The NCAA's annual convention is in January. The board hopes to adopt proposals at its meeting next April, and then have a special meeting for the full membership next summer.

The discussion focused on transparency and the public perception of the NCAA.

Emmert has received sharp criticism for months, for everything from the unprecedented sanctions handed to Penn State for the Jerry Sandusky child sex-abuse scandal to the botched investigation of alleged misconduct in University of Miami athletics. He, and the NCAA in general, have been singled out by conference commissioners, professional athletes and even current college football players.
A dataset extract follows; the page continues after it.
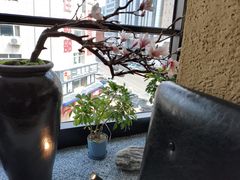 -炎蔵牛舌烤肉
Houston Texans running back Arian Foster, who says in an upcoming documentary he accepted money while at Tennessee, recently called the NCAA a bully. Some college players wore patches Saturday with the letters APU, standing for All Players United, to call for NCAA reform.

Additionally, SEC Commissioner Mike Slive suggested last week that the NCAA's rules on governing agents are part of the problem amid reports of possible problems at Alabama and Tennessee.

"I haven't talked to Mike about it, so I can't speak for him," Emmert said Monday.

The third-year president is fully aware of the public's perception of the NCAA. Emmert said the board and other NCAA officials have concerns about that. The public sees him as more of a commissioner of a professional sport, which Emmert said is not the case.

He said getting people to understand the NCAA is more than just him or the board of directors -- decisions are driven by the hundreds of member schools -- is a difficult task.

"To think that the president of the NCAA has ever been anything like the commissioner of baseball is ludicrous," Emmert said, "but yet that would be the most popular perception I suspect that people have of what my job is."

The discussion did touch briefly on whether the NCAA would consider creating a new big-school Bowl Division -- in essence, splitting up the current Division I. A packet distributed at the session called "Principles and Model for New Governance Structure" suggests that FBS institutions and conferences that are more closely aligned in issues and athletics resources form a new division.

"The simpler the governance structure, the better," the packet states.